Nos hemos fabricado un nuevo becerro de oro llamado “euro” y ahora nos asustamos porque se tambalea. Pero, ¿no recordamos ya que mientras unos 15 millones de niños y 5 de adultos mueren al año por hambre y malnutrición, la Unión Europea se permitía el lujo de destruir alimentos sobrantes quemándolos o arrojándolos al mar para evitar una bajada de los precios? ¿No recordamos ya que mientras 600 millones de personas consumen menos de 1.500 calorías diarias, la Unión Europea subvencionaba cultivos que luego se dejaban pudrir en los campos? ¿No recordamos ya que mientras 435 millones de personas están malnutridas, la Unión Europea imponía una severa cuota láctea a España y el sacrificio de vacas para que no dañásemos la producción de otros países del mercado común? ¡Cuánta razón tenía el jesuita chileno San Alberto Hurtado al decir que “el régimen capitalista, tal como hasta ahora ha vivido, no puede ser una solución admisible para el católico” (Moral social, I, 5.2.5)!

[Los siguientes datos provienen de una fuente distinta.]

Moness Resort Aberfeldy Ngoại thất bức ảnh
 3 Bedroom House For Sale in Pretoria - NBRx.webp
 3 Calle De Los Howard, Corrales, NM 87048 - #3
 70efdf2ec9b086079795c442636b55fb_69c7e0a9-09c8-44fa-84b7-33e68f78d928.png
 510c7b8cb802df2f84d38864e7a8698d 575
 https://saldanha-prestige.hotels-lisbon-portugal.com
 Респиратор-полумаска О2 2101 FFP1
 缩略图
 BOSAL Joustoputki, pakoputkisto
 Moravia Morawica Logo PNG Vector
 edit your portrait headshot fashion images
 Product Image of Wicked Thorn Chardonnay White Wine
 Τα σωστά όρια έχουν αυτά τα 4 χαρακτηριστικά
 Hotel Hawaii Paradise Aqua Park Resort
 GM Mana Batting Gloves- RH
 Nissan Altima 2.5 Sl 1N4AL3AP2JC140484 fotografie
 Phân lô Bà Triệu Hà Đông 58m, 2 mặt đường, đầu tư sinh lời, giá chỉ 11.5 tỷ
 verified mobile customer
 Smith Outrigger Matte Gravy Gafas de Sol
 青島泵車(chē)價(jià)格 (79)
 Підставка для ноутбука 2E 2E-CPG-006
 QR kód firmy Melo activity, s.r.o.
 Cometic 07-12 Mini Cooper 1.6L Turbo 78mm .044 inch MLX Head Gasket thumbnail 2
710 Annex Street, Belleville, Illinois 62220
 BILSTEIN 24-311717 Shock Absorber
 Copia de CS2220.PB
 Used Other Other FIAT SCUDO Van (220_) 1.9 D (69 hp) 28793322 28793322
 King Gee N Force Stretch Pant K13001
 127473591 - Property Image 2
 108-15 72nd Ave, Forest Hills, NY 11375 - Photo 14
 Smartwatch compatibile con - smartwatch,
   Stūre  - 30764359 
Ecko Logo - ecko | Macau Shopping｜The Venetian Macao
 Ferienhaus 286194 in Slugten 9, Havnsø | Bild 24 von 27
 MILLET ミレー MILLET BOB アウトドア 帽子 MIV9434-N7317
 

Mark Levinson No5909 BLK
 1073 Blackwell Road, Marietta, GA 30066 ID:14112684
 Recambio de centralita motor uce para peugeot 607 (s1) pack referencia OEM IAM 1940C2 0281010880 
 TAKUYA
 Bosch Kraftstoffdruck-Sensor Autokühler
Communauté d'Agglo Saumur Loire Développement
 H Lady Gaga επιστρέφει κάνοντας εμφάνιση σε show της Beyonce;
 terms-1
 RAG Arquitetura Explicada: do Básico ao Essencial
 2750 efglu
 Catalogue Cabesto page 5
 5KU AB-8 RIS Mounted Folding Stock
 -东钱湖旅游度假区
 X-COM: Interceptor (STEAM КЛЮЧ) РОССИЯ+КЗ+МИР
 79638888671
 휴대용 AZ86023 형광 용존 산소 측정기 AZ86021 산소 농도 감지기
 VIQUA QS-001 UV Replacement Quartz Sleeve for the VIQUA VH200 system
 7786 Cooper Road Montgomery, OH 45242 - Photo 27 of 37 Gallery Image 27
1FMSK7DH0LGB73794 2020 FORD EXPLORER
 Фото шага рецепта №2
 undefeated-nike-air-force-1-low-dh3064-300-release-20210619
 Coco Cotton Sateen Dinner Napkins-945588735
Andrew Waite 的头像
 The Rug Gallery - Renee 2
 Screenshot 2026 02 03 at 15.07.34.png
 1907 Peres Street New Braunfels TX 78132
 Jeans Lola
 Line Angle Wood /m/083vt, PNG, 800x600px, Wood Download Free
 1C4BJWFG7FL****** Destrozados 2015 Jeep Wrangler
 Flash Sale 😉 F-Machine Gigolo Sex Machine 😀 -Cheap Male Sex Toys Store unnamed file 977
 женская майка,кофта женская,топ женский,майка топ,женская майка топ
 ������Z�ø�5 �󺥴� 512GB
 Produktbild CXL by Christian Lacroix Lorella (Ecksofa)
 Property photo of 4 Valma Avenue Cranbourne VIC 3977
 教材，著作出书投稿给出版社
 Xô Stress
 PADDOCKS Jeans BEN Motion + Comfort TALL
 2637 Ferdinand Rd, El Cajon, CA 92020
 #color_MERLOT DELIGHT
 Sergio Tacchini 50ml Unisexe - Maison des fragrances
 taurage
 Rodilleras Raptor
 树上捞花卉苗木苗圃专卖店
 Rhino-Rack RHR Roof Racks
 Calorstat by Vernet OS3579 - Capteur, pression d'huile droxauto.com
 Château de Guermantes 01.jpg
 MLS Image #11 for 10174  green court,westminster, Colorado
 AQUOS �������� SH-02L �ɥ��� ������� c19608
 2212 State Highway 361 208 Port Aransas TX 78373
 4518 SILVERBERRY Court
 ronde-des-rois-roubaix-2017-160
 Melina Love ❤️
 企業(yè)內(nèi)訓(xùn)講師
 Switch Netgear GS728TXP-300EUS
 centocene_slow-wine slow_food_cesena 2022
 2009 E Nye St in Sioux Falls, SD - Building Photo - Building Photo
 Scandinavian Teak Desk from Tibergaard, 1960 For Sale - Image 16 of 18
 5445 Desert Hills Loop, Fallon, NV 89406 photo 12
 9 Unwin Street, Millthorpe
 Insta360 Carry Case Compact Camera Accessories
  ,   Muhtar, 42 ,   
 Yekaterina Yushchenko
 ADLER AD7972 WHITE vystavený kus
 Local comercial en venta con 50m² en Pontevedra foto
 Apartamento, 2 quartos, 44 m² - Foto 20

Pero mirémonos también a nosotros mismos: ¿no hemos caído y caemos muchas veces en el capricho con la comida, en querer comer sólo de lo que nos gusta, en permitirnos decir que algo no nos gusta, en tirar comida injustificadamente como si no pasara nada? Los mayores de nuestras familias, cuando se caía un trozo de pan al suelo, lo recogían y lo besaban; ahora lo tiramos y no a los animales para que lo coman ellos, sino a la basura. ¿No nos hemos subido a un tren de vida, incluso no pocas veces en las comunidades religiosas, del que ahora nos va a costar bajar? ¿No hemos querido vivir con frecuencia por encima de nuestras posibilidades reales? ¿No hemos olvidado el valor de la austeridad? Y todo esto, mientras que el Señor mandó recoger todo el sobrante de pan… ¡de cebada, ni siquiera era de trigo!
Como decía el monje cisterciense San Rafael Arnáiz el 2 de agosto de 1936 ante la Guerra de España:
“Dios trata a los pueblos según merecen, y si a unos les manda la guerra y la desolación por castigar sus pecados, a otros los azota con el dolor para hacerles recordar que Él existe… para hacerles ver su ingratitud, para sacarles de su tibieza”.
Comprendamos así el momento presente y aprovechemos la oportunidad para aprender de Eliseo y del mismísimo Jesús la generosidad hacia los necesitados y a vivir lo que hemos rezado en la oración colecta: que “de tal modo nos sirvamos de los bienes pasajeros, que podamos adherirnos a los eternos”. Que María Santísima, Madre de la Divina Providencia, nos ayude a ello.